Читать книгу Biomolecules from Natural Sources - Группа авторов - Страница 18

Biosurfactants show great potential in therapeutical applications, due to their biological activities. They have the great advantage of being mostly non-toxic and stable in extreme conditions. In particular the anti-microbial, and anti-biofilm properties of biosurfactants make them attractive agents for pharmaceutical and medical applications. Anti-bacterial properties of biosurfactants (Sana et al. 2018; Solaiman et al. 2016), anti-fungal (Sarwar et al. 2018), and anti-viral activities (Borsanyiova et al. 2016) have been reported.

Biosurfactants are well known by their membrane permeabilization properties as they can induce pore and ion channel formation in lipid bilayer membranes. Moreover, they are able to destabilize membranes disturbing their integrity and permeability. Also, pore formation in membranes may cause transmembrane ion influxes, including Na⁺ and K⁺, which result in membrane disruption and cell death (Fracchia et al. 2015; Matsumoto et al. 2016).

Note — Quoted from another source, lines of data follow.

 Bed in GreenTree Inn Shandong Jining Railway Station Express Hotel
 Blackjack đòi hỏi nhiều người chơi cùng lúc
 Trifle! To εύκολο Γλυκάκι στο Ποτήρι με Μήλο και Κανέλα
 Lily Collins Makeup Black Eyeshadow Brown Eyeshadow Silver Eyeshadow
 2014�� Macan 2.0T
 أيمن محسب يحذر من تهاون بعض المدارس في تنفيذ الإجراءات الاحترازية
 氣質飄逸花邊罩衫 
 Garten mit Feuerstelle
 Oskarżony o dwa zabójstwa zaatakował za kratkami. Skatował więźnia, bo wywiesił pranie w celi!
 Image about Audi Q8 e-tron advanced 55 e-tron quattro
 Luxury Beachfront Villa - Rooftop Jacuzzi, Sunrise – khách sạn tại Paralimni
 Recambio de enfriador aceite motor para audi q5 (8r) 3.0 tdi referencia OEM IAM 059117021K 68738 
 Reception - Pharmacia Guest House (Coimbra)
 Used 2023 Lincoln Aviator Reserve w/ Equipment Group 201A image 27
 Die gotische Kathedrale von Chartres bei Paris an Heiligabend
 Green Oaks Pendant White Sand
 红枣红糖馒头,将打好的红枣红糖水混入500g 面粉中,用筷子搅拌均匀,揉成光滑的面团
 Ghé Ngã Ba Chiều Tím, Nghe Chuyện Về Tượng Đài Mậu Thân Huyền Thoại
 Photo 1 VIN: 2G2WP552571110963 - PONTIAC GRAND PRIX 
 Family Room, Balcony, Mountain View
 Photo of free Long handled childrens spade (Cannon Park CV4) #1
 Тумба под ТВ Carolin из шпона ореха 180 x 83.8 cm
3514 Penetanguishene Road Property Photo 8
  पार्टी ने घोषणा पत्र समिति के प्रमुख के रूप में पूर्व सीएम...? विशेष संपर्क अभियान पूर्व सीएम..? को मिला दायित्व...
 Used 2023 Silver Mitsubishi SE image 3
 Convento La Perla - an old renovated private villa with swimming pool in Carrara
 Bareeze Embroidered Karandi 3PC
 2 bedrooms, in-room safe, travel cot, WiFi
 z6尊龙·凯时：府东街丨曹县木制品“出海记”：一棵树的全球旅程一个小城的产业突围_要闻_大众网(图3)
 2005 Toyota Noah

The anti-microbial property (Rodrigues et al. 2006) of the biosurfactant might be due to their capacity to disturb the integrity of the membranes, destabilizing them and leading to cell lysis by increasing the permeability of the membrane, leading to leakage of metabolites. This effect is based on the interruption of the protein conformation that signals important membrane functions leading to changes in the physical structure of the membrane (Banat et al. 2010; Cortés-Sánchez et al. 2013; Fracchia et al. 2015).

Biofilms describe groups of bacteria that colonize or accumulate on a given surface. They often contain bacterial strains that can become highly resistant. Biosurfactants can interfere with microbial adhesion and biofilm formation, by modifying the physicochemical properties of surfaces or changing bacterial interactions (Fracchia et al. 2015).

One example for a widely studied biosurfactant in the medical and pharmaceutical field is trehalose lipid. Studies have shown that trehalose lipid contains growth inhibiting properties against several resistant pathogen. Trehalose lipid (TL1) shows anti-fungal activity by which it inhibits the Chlamydospore germination of the fungus Glomerella cingulata at a concentration of 300 mg L^-1. It also shows 30% inhibition of Candida albicans growth (Janek et al. 2018). Furthermore succinoyl-trehalose (STL-1 and -2) presents virucidal activity by inhibiting the herpes simplex virus and influenza virus at concentrations from 11–33 mg L^-1. Trehalose lipids were investigated to present high anti-adhesive properties against several microorgansims, such as Candida albicans and Escherichia coli, on polystyrene surface and silicone urethral catheters, therefore it could be a promising coating agent (Janek et al. 2018; Kitamoto et al. 2002).